Proton66, un proveedor de servicios de hosting de origen ruso, ha sido acusado de 'dar cobertura' a una serie de campañas de ciberataques que están afectando a organizaciones y usuarios de todo el mundo.
Investigaciones publicadas por expertos de ciberseguridad de Trustwave SpiderLabs han vinculado su infraestructura a actividades maliciosas como fuerza bruta para el robo de credenciales, escaneo masivo de vulnerabilidades, distribución de ransomware y malware dirigido a dispositivos Android.
Proton66 formaría parte de lo que se conoce como servicios de alojamiento a prueba de balas o 'bulletproof hosting'. Estas plataformas, a diferencia de los proveedores convencionales, permiten alojar contenido ilegal o malicioso sin interferencias, ignorando intencionadamente cualquier tipo de denuncia o requerimiento legal.
La firma francesa Intrinsec asegura que Proton66 ha sido promocionado en foros rusohablantes bajo los nombres de UNDERGROUND y BEARHOST.
No obstante, desde diciembre de 2024, su publicidad en foros ha desaparecido. En su lugar, se estarían comercializándose mediante ventas privadas.
A principios de enero los investigadores comenzaron a detectar un incremento anómalo de actividades hostiles, que incluían escaneos no autorizados y campañas de robo de credenciales provenientes de direcciones IP asociadas al proveedor ruso.
Apoyando vulnerabilidades críticas
Entre las amenazas más preocupantes detectadas, destaca el uso de servidores de Proton66 para explotar vulnerabilidades críticas recientes.

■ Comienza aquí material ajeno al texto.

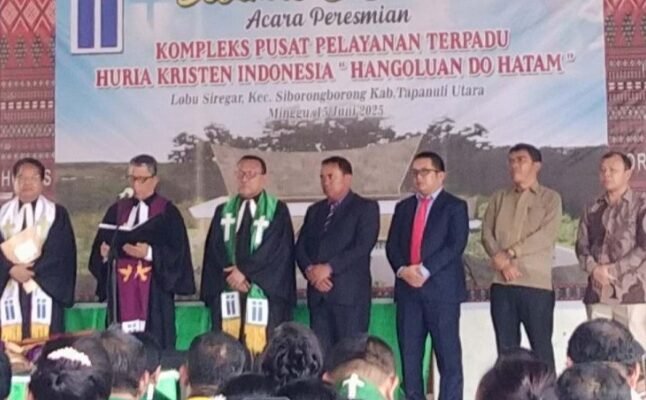 Ephorus Firman Sibarani Resmikan dan Lantik Pengurus Pusat Pelayan Terpadu HKI Hangoluan Do Hatam
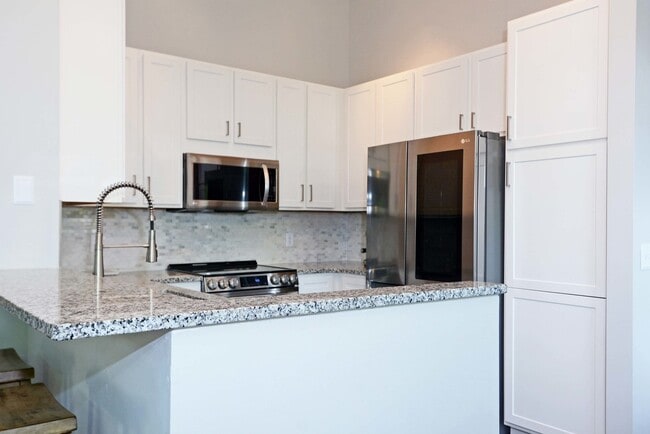 Building Photo - 10511 Pond Curv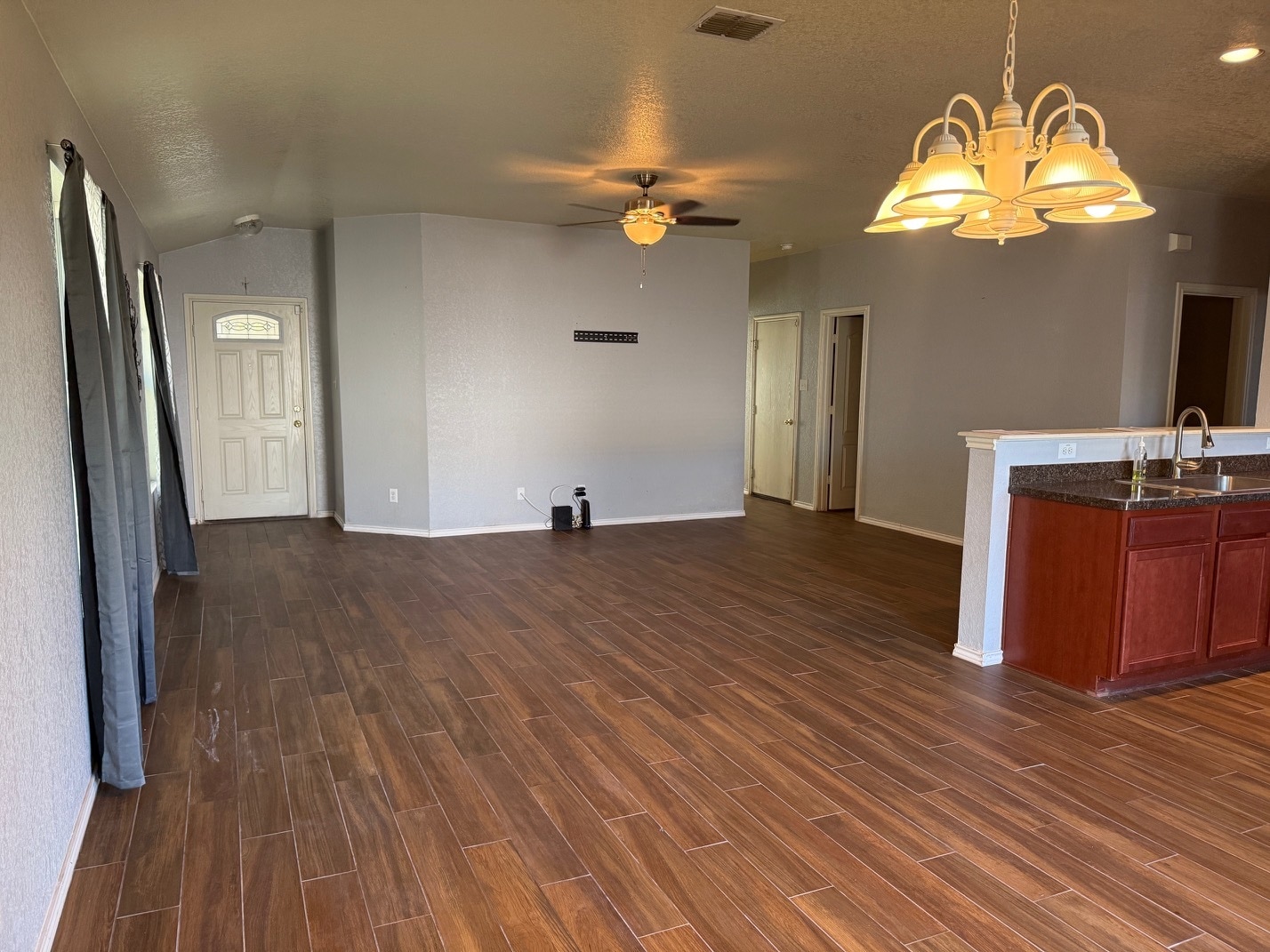 Building Photo - 4714 Dapple Dr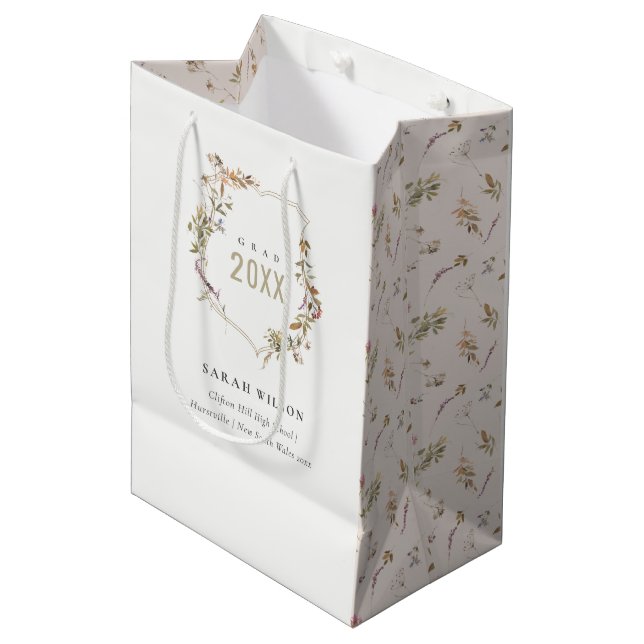 Sac Cadeau Moyen Chic Dusky Rose Blush Fleur sauvage Crest Graduati (Devant Angle)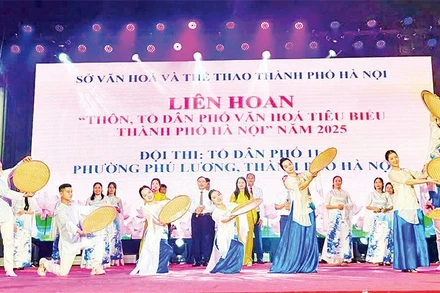 Các tiết mục văn nghệ đều mang đậm màu sắc văn hóa truyền thống.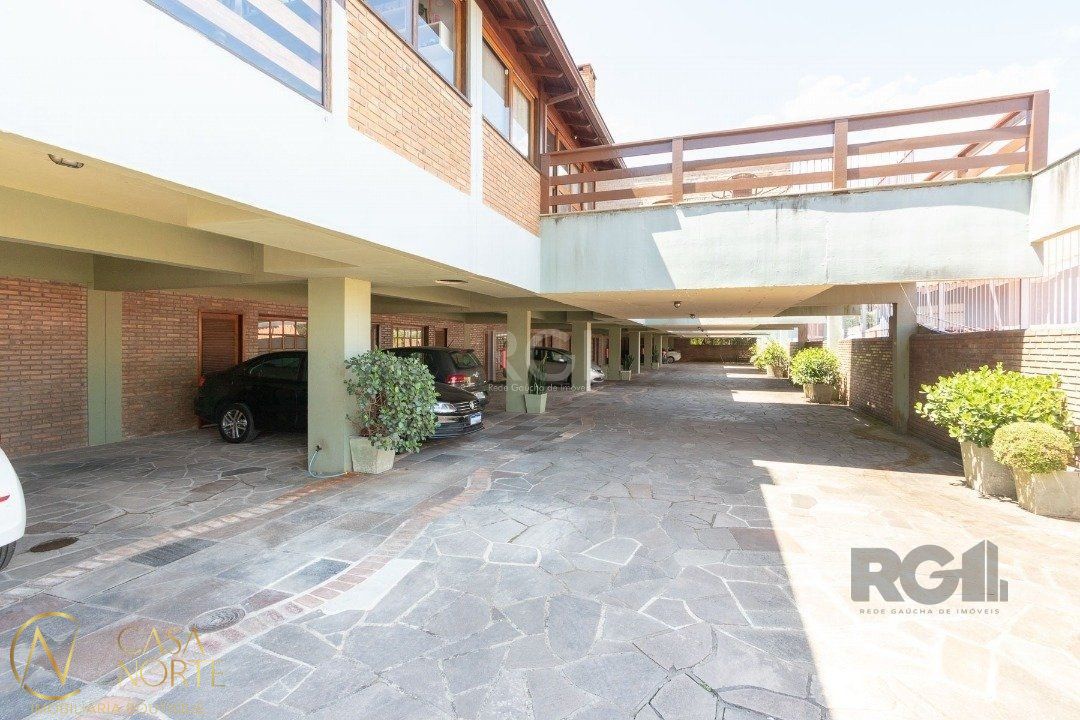Casa de Condomínio à venda com 3 quartos, 196m², 1 suíte, 2 vagas, Rua Doutor David de Azevedo Gusmão no bairro Jardim Isabel em Porto Alegre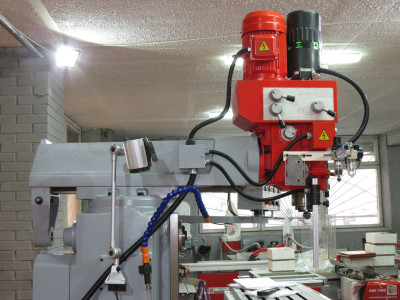 Будкрам купити Фрезерний верстат Holzmann BF 1000DDRO Фрезерний верстат Holzmann BF 1000DDRO 8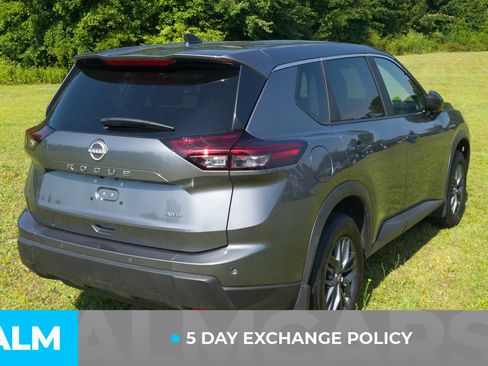 Used 2025 Nissan Rogue S AWD/4WD image 4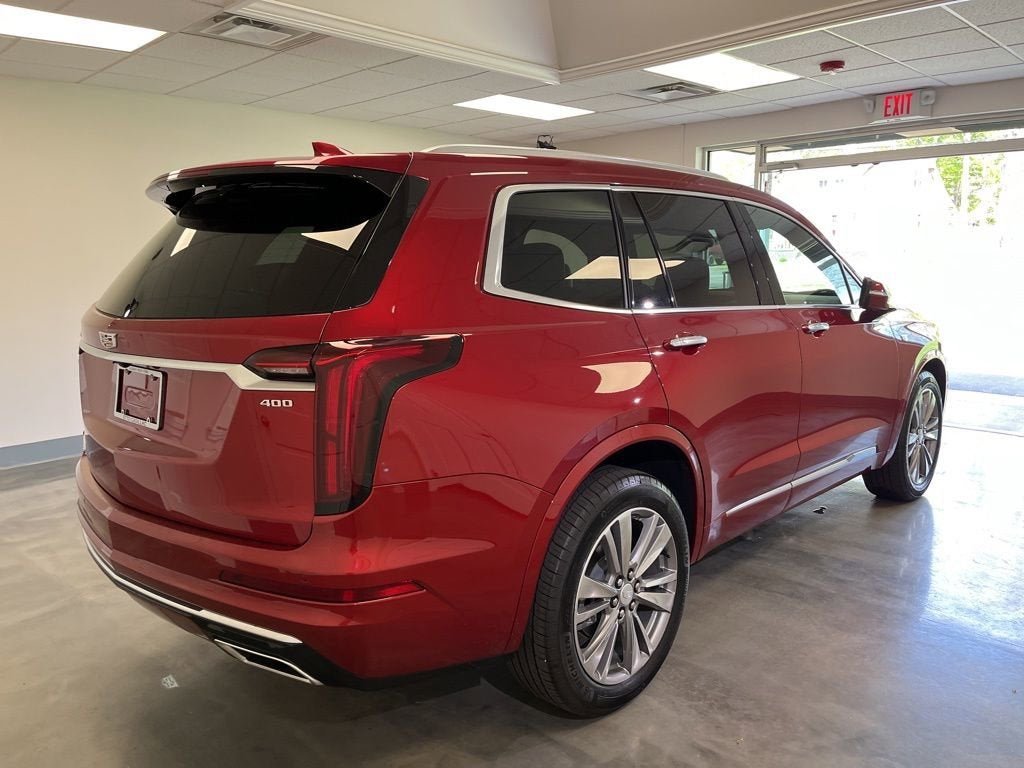 2025 Cadillac XT6 Premium Luxury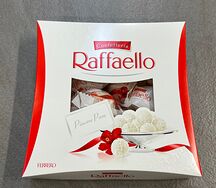 Конфеты Raffaello 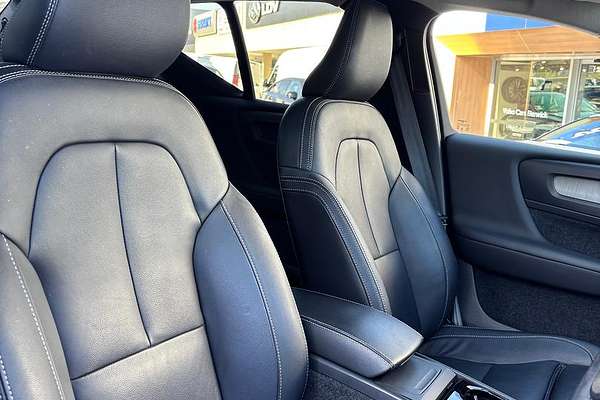 2023 Volvo XC40 Ultimate B5 Dark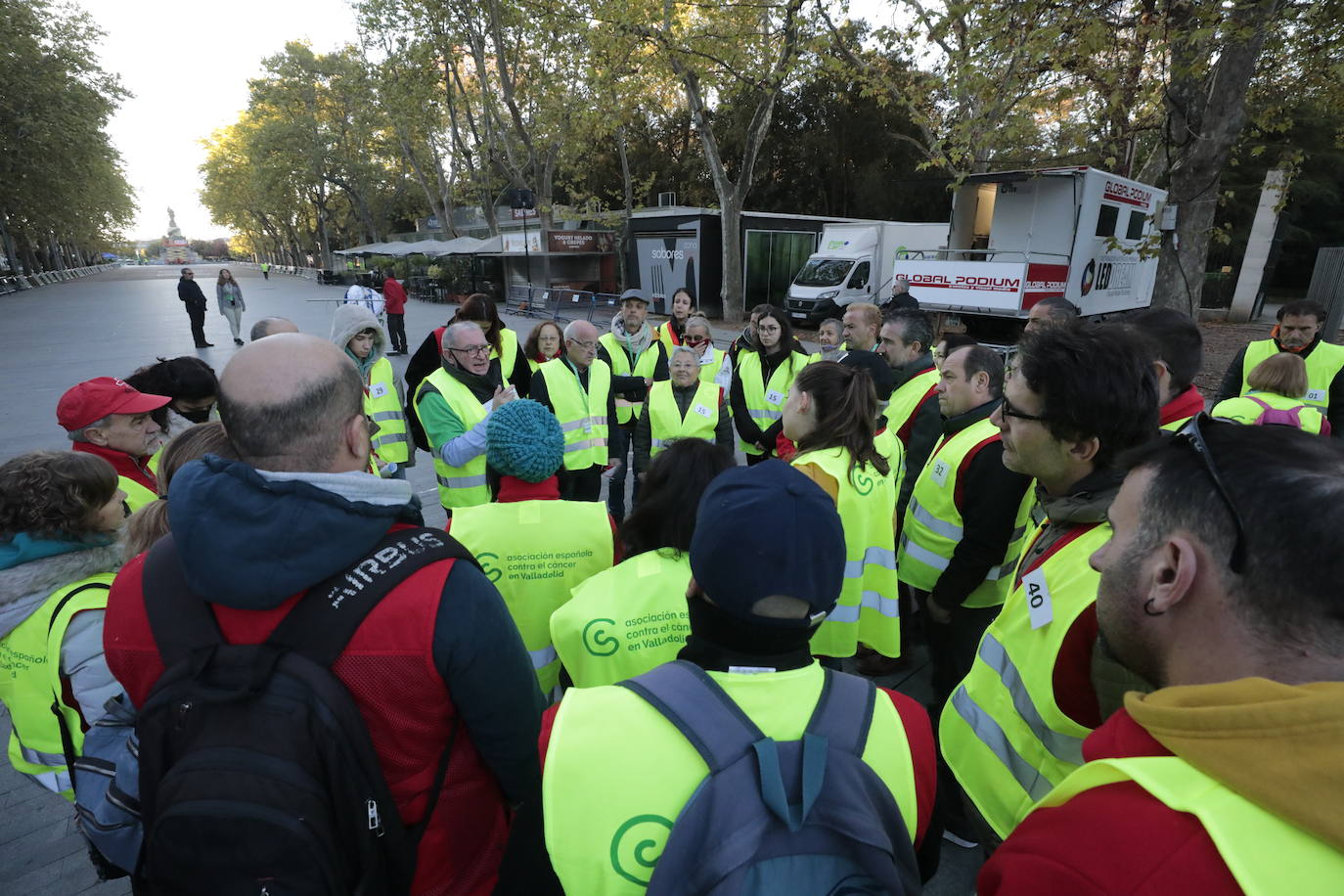 Fotos: La marcha contra el cáncer llena Valladolid de verde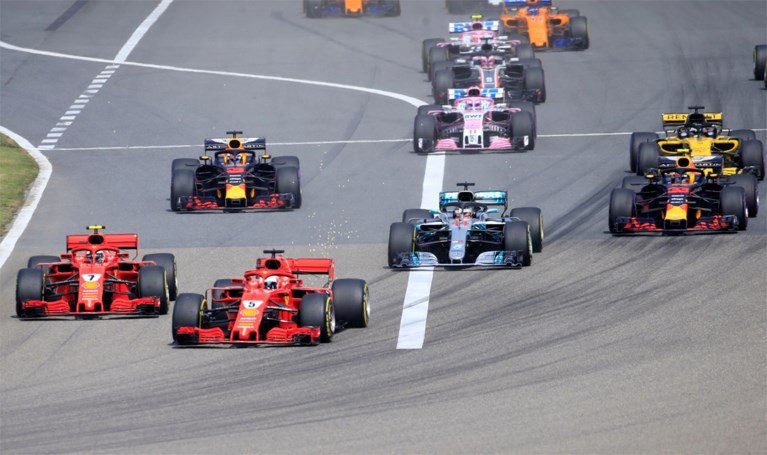 IJzersterke Ricciardo wint GP China na spektakelstuk, Vandoorne eindigt dertiende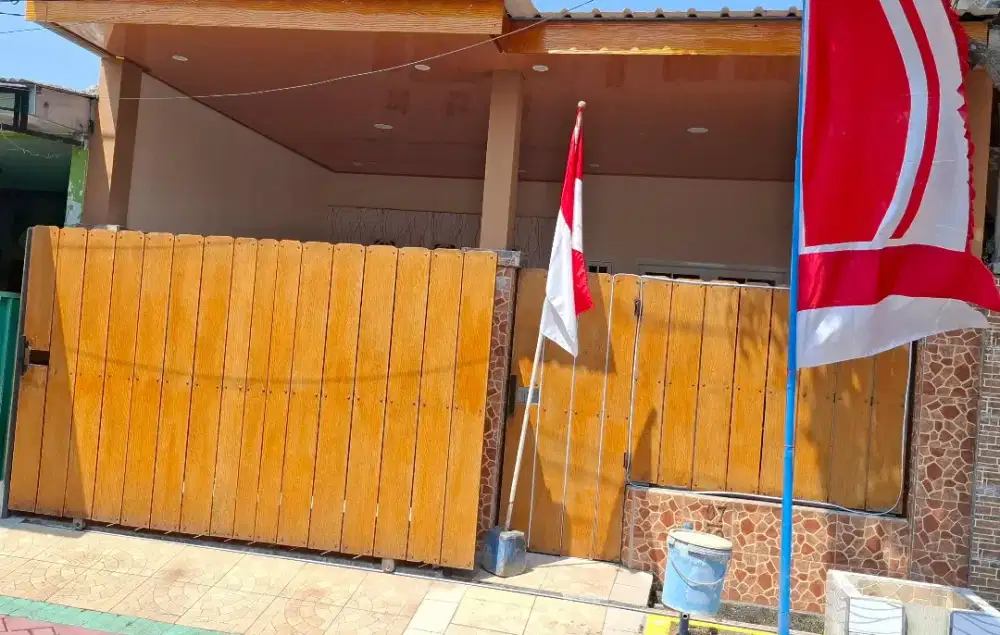 Di kontrakan rumah baru renov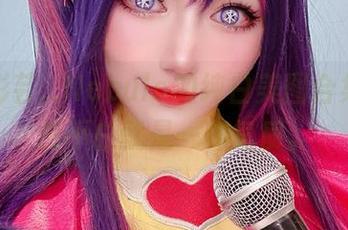 看见彩芸_Nebula的纯白美图合集，果然不白就是一种气质。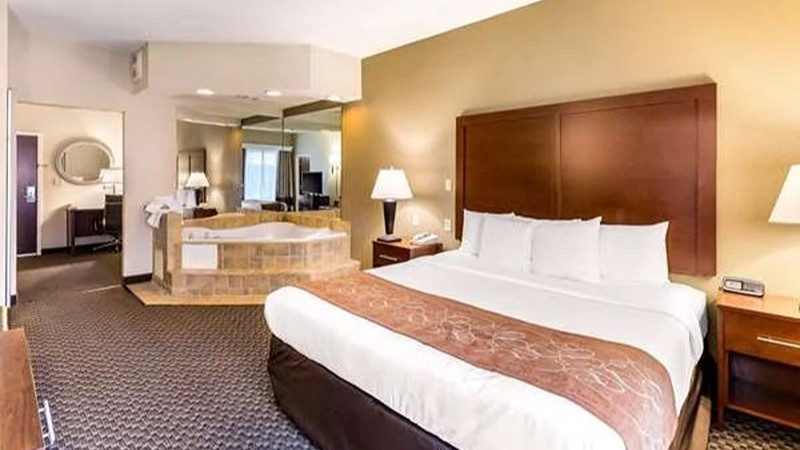 Comfort Suites Elkridge Columbia Gateway, room with private jacuzzi, photo 3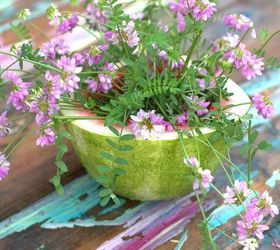 watermelon vase, flowers, gardening, Chippy painted table with a watermelon rind filled with lavender and hot pink flowers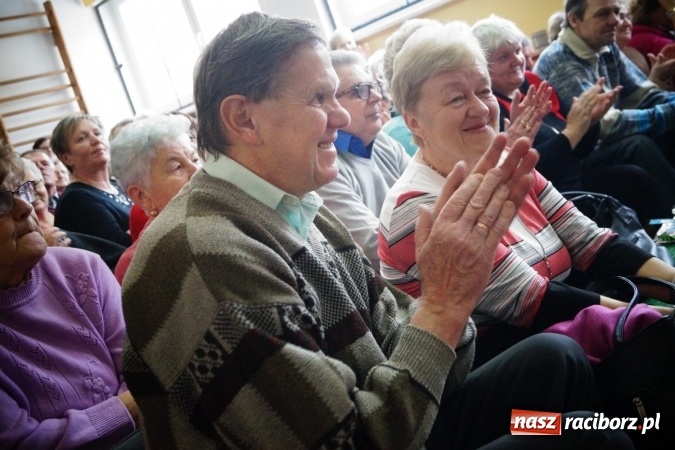 Zdjęcie w galerii na portalu naszraciborz.pl: Jak dobrze jest być babcią! Święto dziadków w Babicach  wiadomości z regionu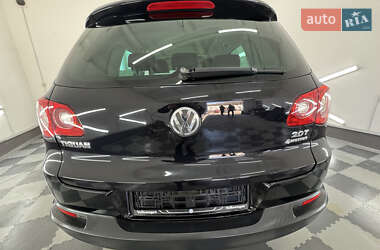 Внедорожник / Кроссовер Volkswagen Tiguan 2011 в 
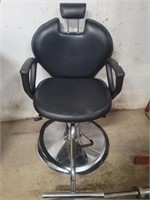 Black Leather Saloon Swivel Chair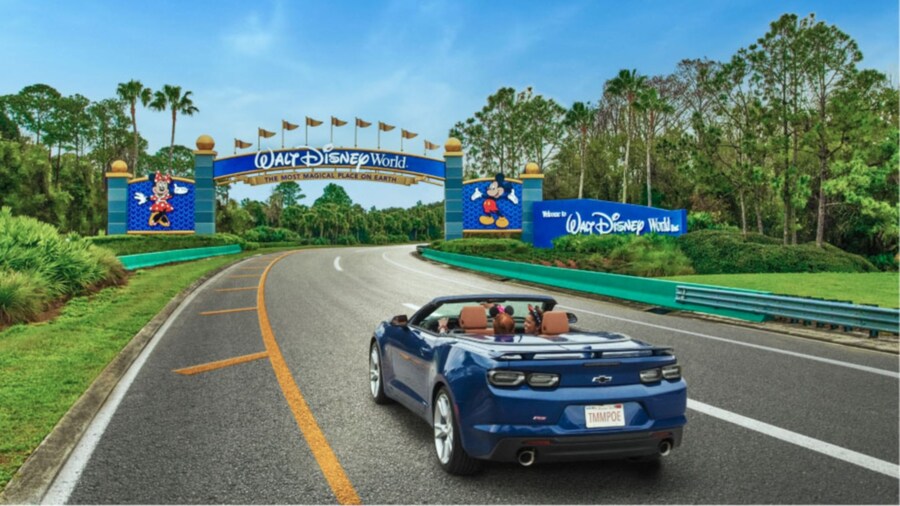 A family drives towards Walt Disney World Resort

Estos servidores usados llevaban inactivos o sin detectar actividad maliciosa desde hace años. Uno se había relacionado con ataques desde hace casi cuatro años, poniendo de manifiesto cómo los cibermalos son capaces de reusar y reactivar recursos ocultos.
Por otro lado, Proton66 también estaría implicado en la distribución de software malicioso mediante páginas de WordPress comprometidas.
En febrero los investigadores de seguridad encontraron que estas webs redirigían a usuarios de Android a páginas fraudulentas que emulaban a la Google Play Store.
Otro informe de SpiderLabs detalla la vinculación de Proton66 con múltiples campañas de malware, como XWorm, Stela Stealer o WeaXor.